One of the reasons I don’t provide a comment facility is that it is very hard to prevent spammers from abusing your weblog. The easiest way to prevent spamming is to work with a registration system: you can only post a comment if you have registered. This has the disadvantage that anonymous people, or people who accidentally came at your site and found something interesting, can’t post comments.
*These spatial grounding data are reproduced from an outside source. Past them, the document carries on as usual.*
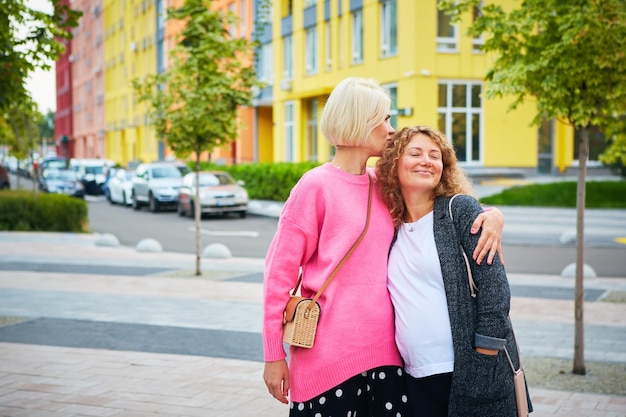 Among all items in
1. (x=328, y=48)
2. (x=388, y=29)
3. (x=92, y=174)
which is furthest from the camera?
(x=92, y=174)

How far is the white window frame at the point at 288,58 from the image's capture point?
4006 centimetres

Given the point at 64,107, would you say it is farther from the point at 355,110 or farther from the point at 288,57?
the point at 355,110

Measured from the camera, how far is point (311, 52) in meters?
38.1

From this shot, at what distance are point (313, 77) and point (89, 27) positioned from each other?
175 ft

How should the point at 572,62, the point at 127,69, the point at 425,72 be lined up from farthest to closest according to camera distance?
1. the point at 127,69
2. the point at 425,72
3. the point at 572,62

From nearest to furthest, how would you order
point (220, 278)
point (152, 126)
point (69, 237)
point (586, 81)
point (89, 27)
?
point (586, 81) < point (220, 278) < point (152, 126) < point (69, 237) < point (89, 27)

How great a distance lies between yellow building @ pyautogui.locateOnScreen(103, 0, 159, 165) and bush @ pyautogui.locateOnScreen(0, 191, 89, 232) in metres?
34.9

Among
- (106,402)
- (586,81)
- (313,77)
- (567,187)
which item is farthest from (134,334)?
(313,77)

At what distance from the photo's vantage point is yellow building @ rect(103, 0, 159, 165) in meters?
61.3

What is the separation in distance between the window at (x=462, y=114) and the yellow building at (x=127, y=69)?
3064 centimetres

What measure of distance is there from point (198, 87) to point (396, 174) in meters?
10.6

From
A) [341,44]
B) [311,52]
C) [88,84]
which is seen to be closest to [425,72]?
[341,44]

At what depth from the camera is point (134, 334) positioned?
7.95 m

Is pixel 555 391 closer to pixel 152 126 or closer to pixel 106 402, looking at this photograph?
pixel 106 402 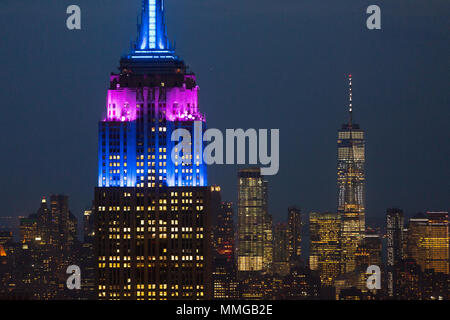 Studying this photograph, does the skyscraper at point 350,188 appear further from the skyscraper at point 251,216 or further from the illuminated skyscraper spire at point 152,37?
Answer: the illuminated skyscraper spire at point 152,37

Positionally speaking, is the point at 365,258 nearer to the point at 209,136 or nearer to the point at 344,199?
the point at 344,199

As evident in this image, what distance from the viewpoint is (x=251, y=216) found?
122 m

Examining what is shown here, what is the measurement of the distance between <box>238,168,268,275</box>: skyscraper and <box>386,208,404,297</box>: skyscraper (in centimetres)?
1393

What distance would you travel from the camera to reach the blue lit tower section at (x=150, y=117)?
70.8m

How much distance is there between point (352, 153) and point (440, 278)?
55853 millimetres

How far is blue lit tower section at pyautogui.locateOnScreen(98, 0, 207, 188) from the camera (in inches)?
2785

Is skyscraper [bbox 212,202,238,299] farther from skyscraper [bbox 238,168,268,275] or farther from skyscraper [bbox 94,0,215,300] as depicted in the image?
skyscraper [bbox 94,0,215,300]

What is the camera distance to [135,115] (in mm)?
73000

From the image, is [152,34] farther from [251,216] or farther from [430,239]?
[430,239]

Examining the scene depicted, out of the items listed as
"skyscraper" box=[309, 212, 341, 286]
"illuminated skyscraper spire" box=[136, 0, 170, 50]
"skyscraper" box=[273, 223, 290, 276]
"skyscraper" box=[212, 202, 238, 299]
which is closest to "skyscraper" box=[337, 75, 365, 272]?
"skyscraper" box=[309, 212, 341, 286]

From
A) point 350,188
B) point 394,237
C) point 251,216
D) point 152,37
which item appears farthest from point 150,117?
point 350,188

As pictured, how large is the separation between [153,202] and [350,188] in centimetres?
9838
One method of making it possible for anonymous users to post comments is asking the user to type in the text appearing in a so-called CAPTCHA. But if the captcha is too simple the spammer’s automated systems will recognize the text in the picture and are then still able to log in and put spam in the comments. Captchas also have the disadvantage that people that have to rely on, for example, braille readers, cannot post anonymously.
Apart from the braille readers I think the captchas can be best implemented in the following manner:
- Make sure that the letters in the captcha are all of a different color and are overlapping. Overlapping letters make it harder for OCR software to guess the ‘word’.
- Don’t always ask the user to type in the whole word, but rather one of the following questions:
- Type in all letters from the captcha (mentioned that already, just being complete).
- Ask the user to provide a subset of the letters in the captcha. For example the first and the third letter. The subset should not be fixed, but be chosen at random.
- Ask the user to provide the color of one or more of the letters in the captcha. Since not all the weblog readers will be native speakers of your weblog’s language, it would be best to provide check boxes so that language mistakes can be prevented.
This ofcourse combined with the possibility to create user accounts so that if a spammer succeeds in breaching these barriers, the decision can always be made to shut off anonymous posting.
Another possibility is to also work with a blacklist that contains words and sites that are not allowed to appear in a comment.
Creating captchas on the fly might not always be possible. Especially not since I will be relying on Bash. So it might be a nice idea to write a tool that can create a lot of captchas and a list with the text and colors that are used in each off-line. These can then be sent to the site and the comments plugin would only have to choose a random captcha and a random question (see above) and check the answer with the information from the file. If these ‘standard’ captchas are refreshed on a regular basis it should provide some nice protection from the spammers.
It seems that the tools from ImageMagick provide all the functionality needed so I will have a look at them this weekend.